[Start of section]

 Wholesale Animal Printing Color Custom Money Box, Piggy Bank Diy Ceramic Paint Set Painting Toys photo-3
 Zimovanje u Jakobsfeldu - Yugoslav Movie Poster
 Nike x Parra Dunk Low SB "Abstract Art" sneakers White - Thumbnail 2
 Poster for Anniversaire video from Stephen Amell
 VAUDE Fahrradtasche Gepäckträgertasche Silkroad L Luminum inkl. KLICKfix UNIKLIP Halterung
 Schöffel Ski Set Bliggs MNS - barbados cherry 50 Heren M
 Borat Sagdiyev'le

[End of section]

* Required action *
Going from the line that has "Schöffel Ski Set" through the last line of the entries, retype each line exactly as given and add nothing.

* Written reply *
 Schöffel Ski Set Bliggs MNS - barbados cherry 50 Heren M
 Borat Sagdiyev'le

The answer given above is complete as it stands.